ASSIGNED TASK: Only the lines from the top of the data through the one with "Tenda Retrattile Nero" are to be written out, each exactly as it stands.

Items listed in a dataset:
══════

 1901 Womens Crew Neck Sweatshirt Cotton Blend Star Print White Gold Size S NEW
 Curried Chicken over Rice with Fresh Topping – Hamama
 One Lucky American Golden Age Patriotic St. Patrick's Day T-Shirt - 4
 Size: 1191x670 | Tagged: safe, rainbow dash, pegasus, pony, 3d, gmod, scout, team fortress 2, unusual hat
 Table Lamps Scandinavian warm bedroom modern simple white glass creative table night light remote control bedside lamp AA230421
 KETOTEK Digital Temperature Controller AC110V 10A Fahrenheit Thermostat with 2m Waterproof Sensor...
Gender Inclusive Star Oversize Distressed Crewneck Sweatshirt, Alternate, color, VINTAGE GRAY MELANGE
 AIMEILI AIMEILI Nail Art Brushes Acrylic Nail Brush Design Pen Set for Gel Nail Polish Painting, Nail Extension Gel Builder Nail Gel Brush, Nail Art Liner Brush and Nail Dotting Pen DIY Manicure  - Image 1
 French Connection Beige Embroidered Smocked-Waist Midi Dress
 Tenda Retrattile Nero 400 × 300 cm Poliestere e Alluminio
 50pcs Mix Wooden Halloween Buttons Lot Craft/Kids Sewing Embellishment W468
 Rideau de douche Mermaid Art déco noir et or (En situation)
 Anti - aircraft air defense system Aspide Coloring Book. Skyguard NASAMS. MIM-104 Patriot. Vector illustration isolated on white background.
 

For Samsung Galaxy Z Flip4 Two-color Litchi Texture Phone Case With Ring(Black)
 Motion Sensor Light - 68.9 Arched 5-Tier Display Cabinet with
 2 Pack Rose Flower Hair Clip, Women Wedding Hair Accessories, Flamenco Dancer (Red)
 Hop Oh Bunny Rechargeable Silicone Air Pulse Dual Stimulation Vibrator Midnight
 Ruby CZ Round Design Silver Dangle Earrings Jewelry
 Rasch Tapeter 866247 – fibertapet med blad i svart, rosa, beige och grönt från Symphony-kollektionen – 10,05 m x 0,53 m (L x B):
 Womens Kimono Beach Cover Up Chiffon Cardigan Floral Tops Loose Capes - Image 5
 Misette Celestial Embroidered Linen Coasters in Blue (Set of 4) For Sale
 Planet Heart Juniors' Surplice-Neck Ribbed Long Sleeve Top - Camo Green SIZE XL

══════

RESPONSE BELOW:
 1901 Womens Crew Neck Sweatshirt Cotton Blend Star Print White Gold Size S NEW
 Curried Chicken over Rice with Fresh Topping – Hamama
 One Lucky American Golden Age Patriotic St. Patrick's Day T-Shirt - 4
 Size: 1191x670 | Tagged: safe, rainbow dash, pegasus, pony, 3d, gmod, scout, team fortress 2, unusual hat
 Table Lamps Scandinavian warm bedroom modern simple white glass creative table night light remote control bedside lamp AA230421
 KETOTEK Digital Temperature Controller AC110V 10A Fahrenheit Thermostat with 2m Waterproof Sensor...
Gender Inclusive Star Oversize Distressed Crewneck Sweatshirt, Alternate, color, VINTAGE GRAY MELANGE
 AIMEILI AIMEILI Nail Art Brushes Acrylic Nail Brush Design Pen Set for Gel Nail Polish Painting, Nail Extension Gel Builder Nail Gel Brush, Nail Art Liner Brush and Nail Dotting Pen DIY Manicure  - Image 1
 French Connection Beige Embroidered Smocked-Waist Midi Dress
 Tenda Retrattile Nero 400 × 300 cm Poliestere e Alluminio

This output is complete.